§ **What this task involves**
Make an exact copy of the listing so that no picture is carried over.

§ **Recorded information**

◆ ◆ ◆ ◆

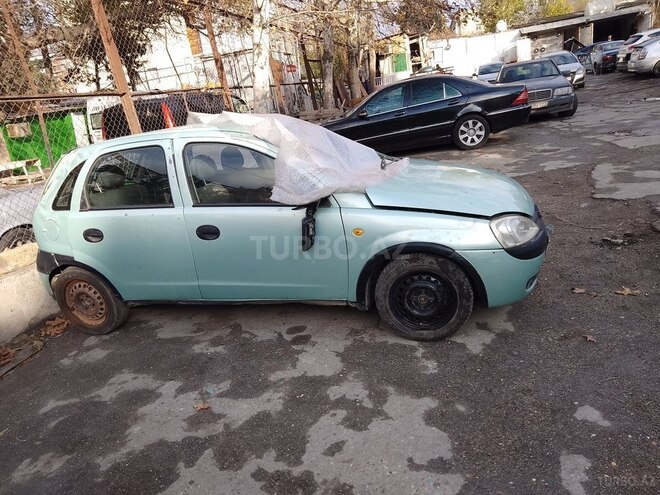 Opel Corsa 2001, 250,000 km - 1.4 l - Bakı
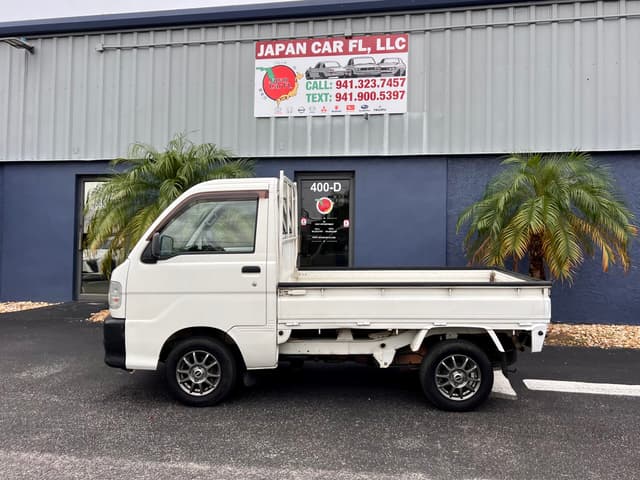 1999 Daihatsu Hijet JDM car for sale — photo 10 of 18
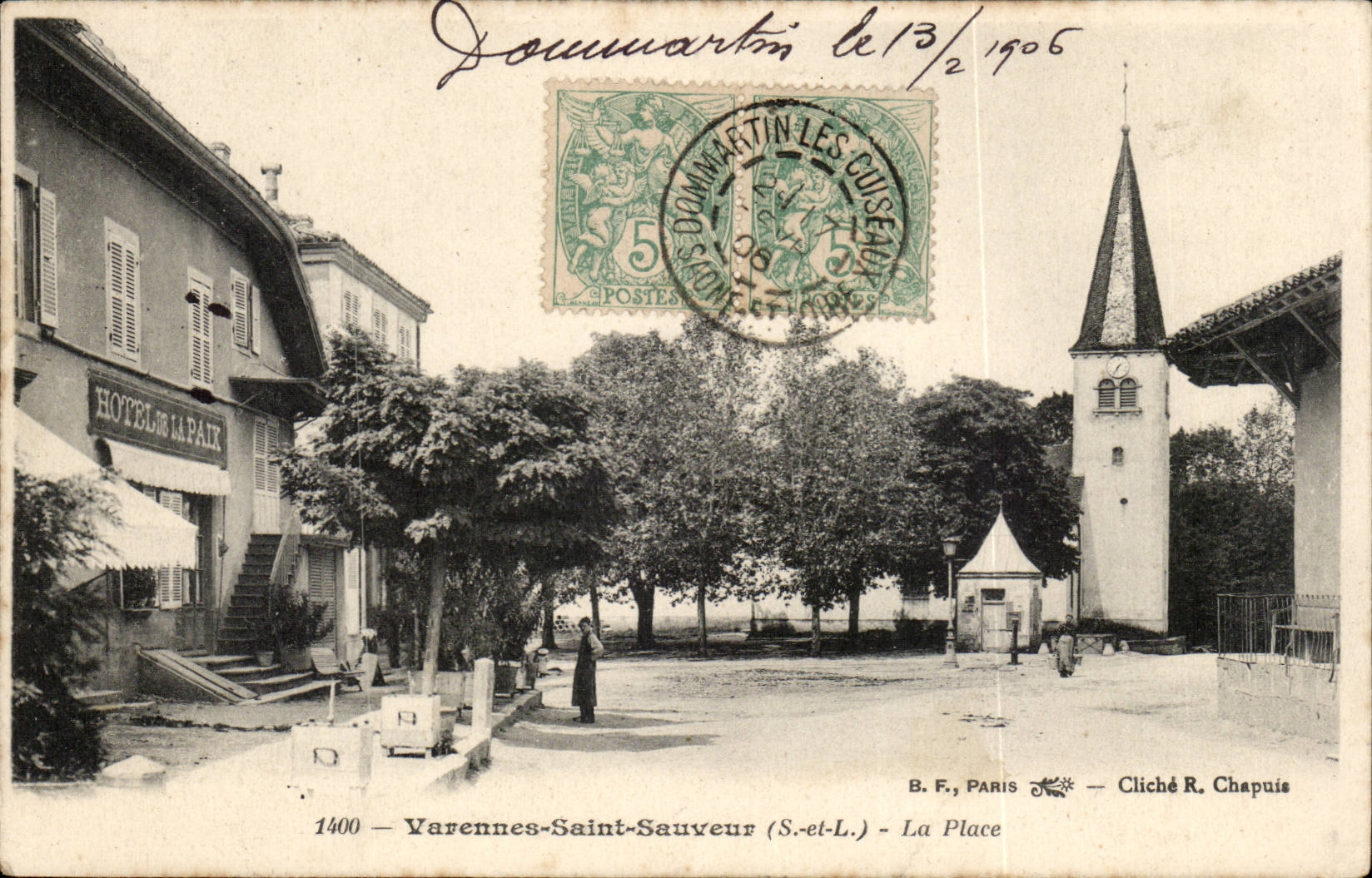 Varennes-Saint-Sauveur (S.-et-L.) — La Place — Cliché R. Chapuis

◆ ◆ ◆ ◆

§ **Response**
 Opel Corsa 2001, 250,000 km - 1.4 l - Bakı
 1999 Daihatsu Hijet JDM car for sale — photo 10 of 18
 Varennes-Saint-Sauveur (S.-et-L.) — La Place — Cliché R. Chapuis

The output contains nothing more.